Both my current eventing TBs (31 starts, 78 starts) are better going to the right.
It would also only impact TBs trained and raced in North America. Nowhere else to my knowledge only races in one direction.
9 jumps were taken out, weather was a disaster
I don’t think this was a factor at all.
I think the bigger problem was they were big and kind of hard to read in my layperson opinion. Like, I didn’t even appreciate them as fences at first.
Maybe but OTTBs have lost the advantage they had over long, gallopy 20th century xc courses. This ship has sailed and of course there are individual TBs that manage very well at the upper levels but the promulgation of “accuracy” questions - tight, the often indirect related distances incorporating terrain with not much margin for error (skinnies) - was certainly not intended to make the sport easier for a breed that’s been developed to gallop flat and low in front.
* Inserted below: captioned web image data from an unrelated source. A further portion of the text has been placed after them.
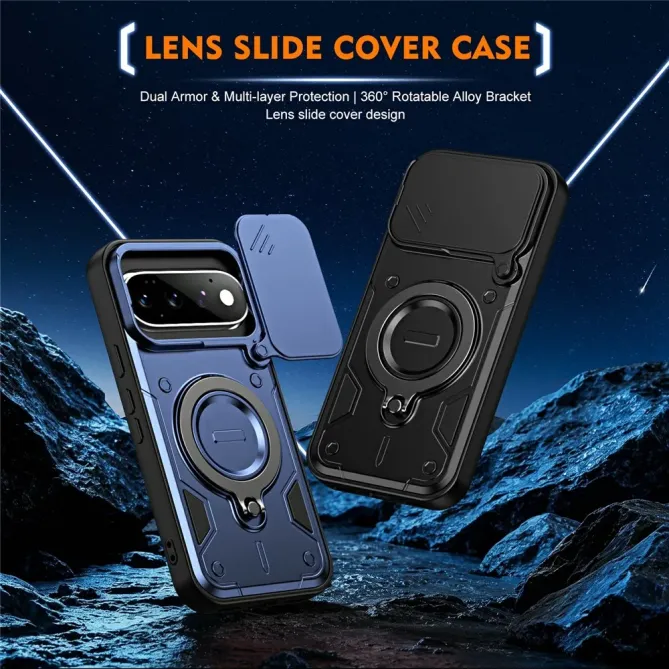 Coque Google Pixel 11 et 11 Pro Anneau Rotatif 360° et Cache-Objectif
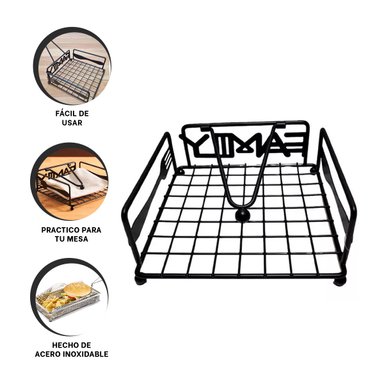 SERVILLETERO RYBIU CO29716 NEGRO SOPORTE PAÑOS LIVIANO + BANDERITAS ADHESIVAS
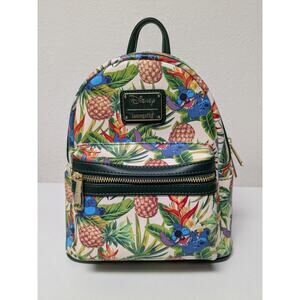 Disney Loungefly Lilo & Stitch Hawaiian Pineapple All Over Print Mini Backpack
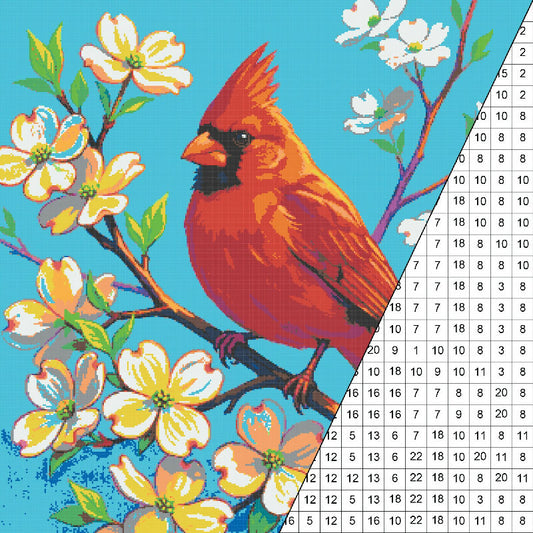 Cardinal on Dogwood Branch Collaborative Color by Number | Giant Group Activity Poster | Nature Activity | Watercolor Style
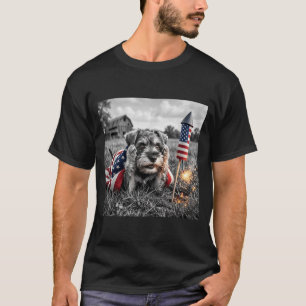 Zwergschnauzer Amerikanische USA-Flagge 250 Jahre T-Shirt
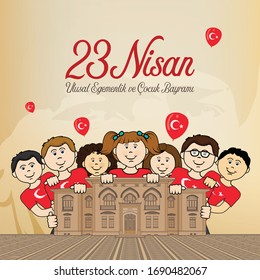 April 23, National Sovereignty and Children's Day, vector celebration image	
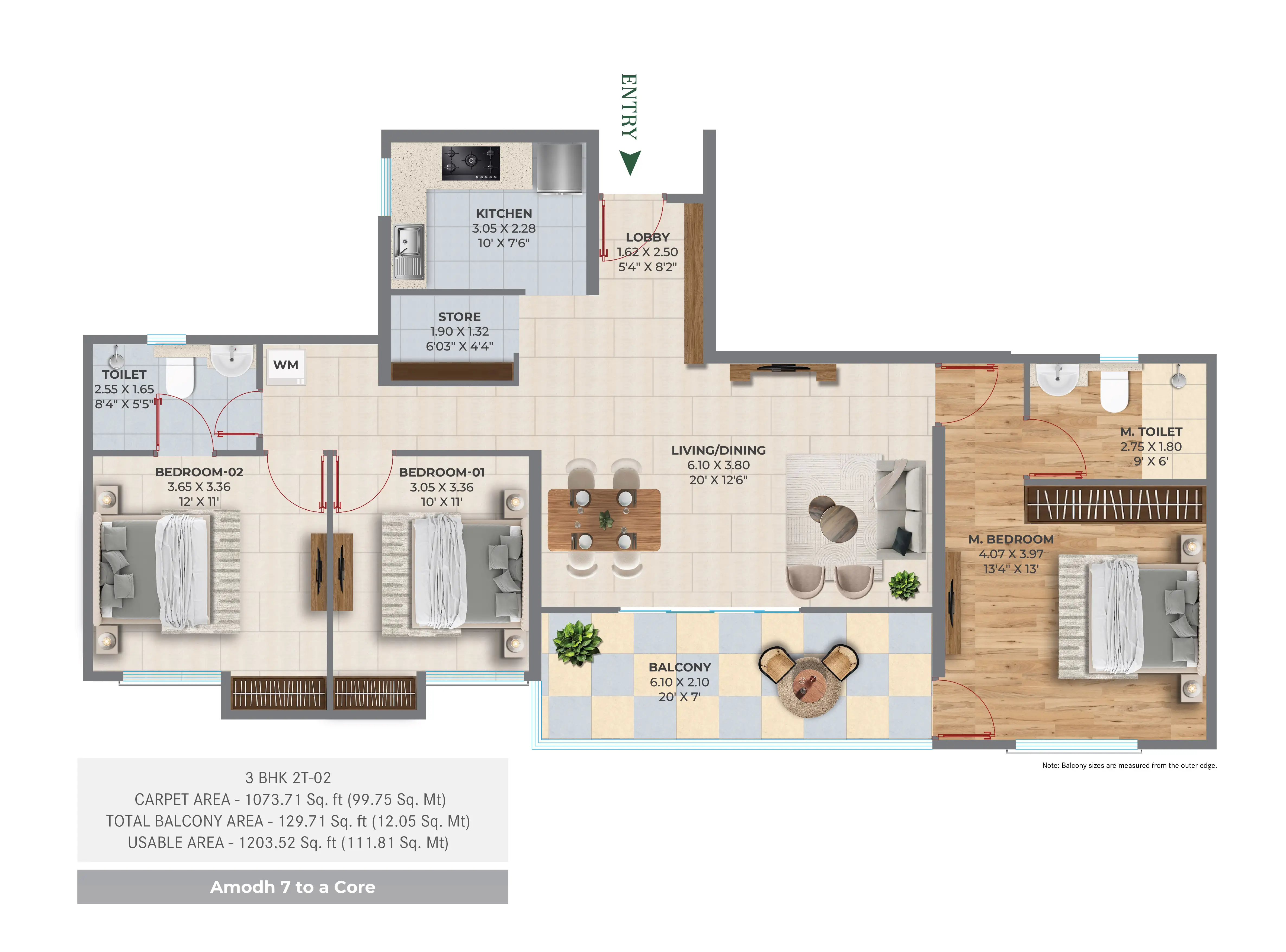 3 BHK + 3 T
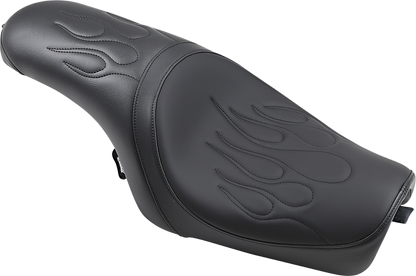 Drag Specialties Predator Seat with flame stitching for Harley XL models from 2004-2022, showcasing sleek motorcycle seat design.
Almost the entire Maryland 5* is going to the left. There are two complexes that switch directions, but almost the whole course is going left.
I always feel like a weirdo because ALL my TBs were better to the right when I got them!
That really doesn’t change the fact that much of the modern WB has been developed from TB and TB are still a crucial part of breeding sporthorses especially in eventing to add stamina and lightness. Technical courses require rideable horses with great work ethic, which is a trait I attribute to TB and not your plain old style WB.
I just don’t think that the technical asks of newer cross country horses are part of a greater conspiracy to keep TB out of the sport.